— What you should do —
Return the listing exactly. Keep no pictures.

— Data block —
■ ■ ■ ■
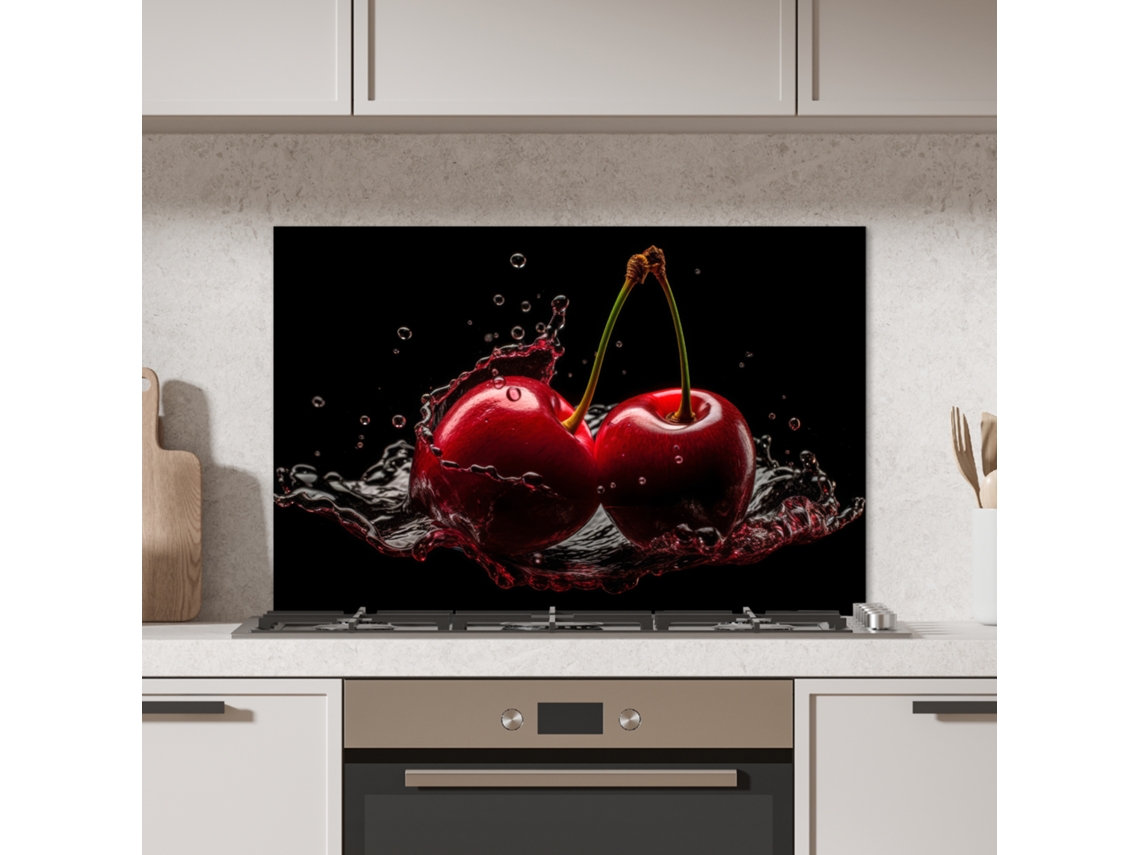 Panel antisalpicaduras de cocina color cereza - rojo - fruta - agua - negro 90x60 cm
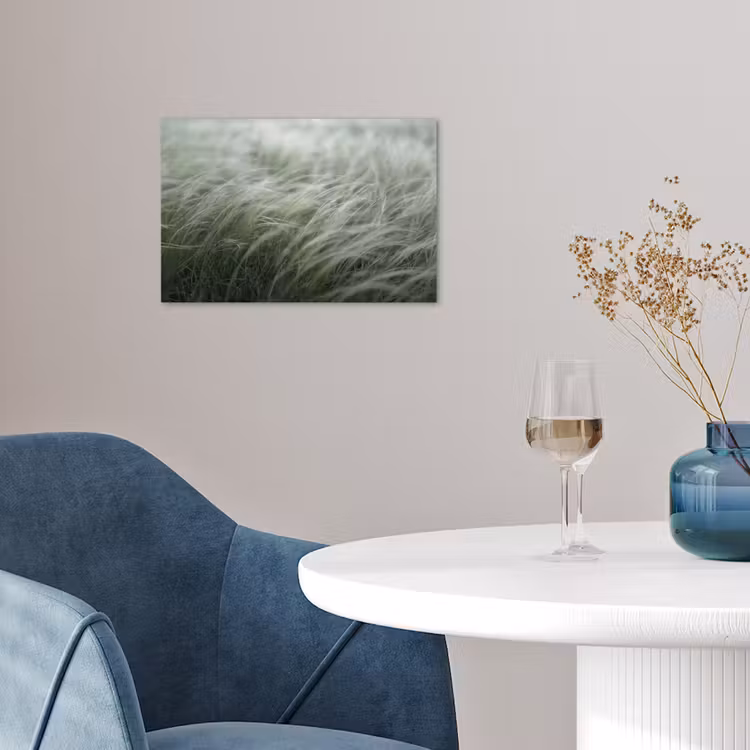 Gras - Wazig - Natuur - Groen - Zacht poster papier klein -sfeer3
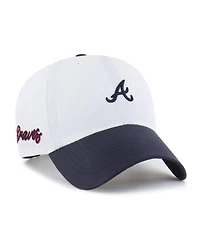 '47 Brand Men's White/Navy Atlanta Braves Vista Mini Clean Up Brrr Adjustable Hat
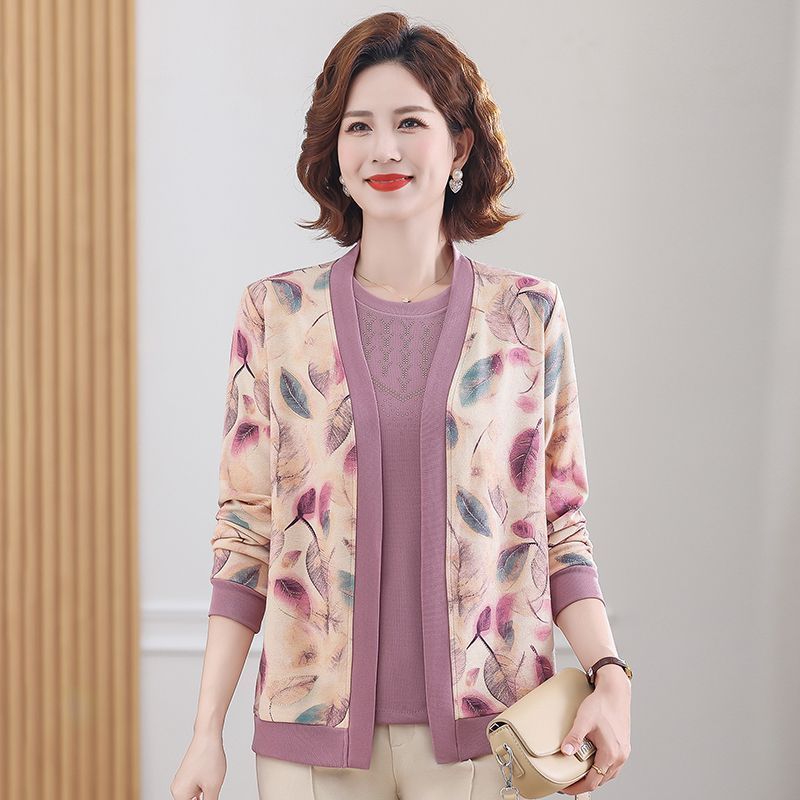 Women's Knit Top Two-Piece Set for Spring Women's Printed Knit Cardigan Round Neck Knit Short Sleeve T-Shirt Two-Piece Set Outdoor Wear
■ ■ ■ ■
— Written response —
 Panel antisalpicaduras de cocina color cereza - rojo - fruta - agua - negro 90x60 cm
 Gras - Wazig - Natuur - Groen - Zacht poster papier klein -sfeer3
 '47 Brand Men's White/Navy Atlanta Braves Vista Mini Clean Up Brrr Adjustable Hat
 Women's Knit Top Two-Piece Set for Spring Women's Printed Knit Cardigan Round Neck Knit Short Sleeve T-Shirt Two-Piece Set Outdoor Wear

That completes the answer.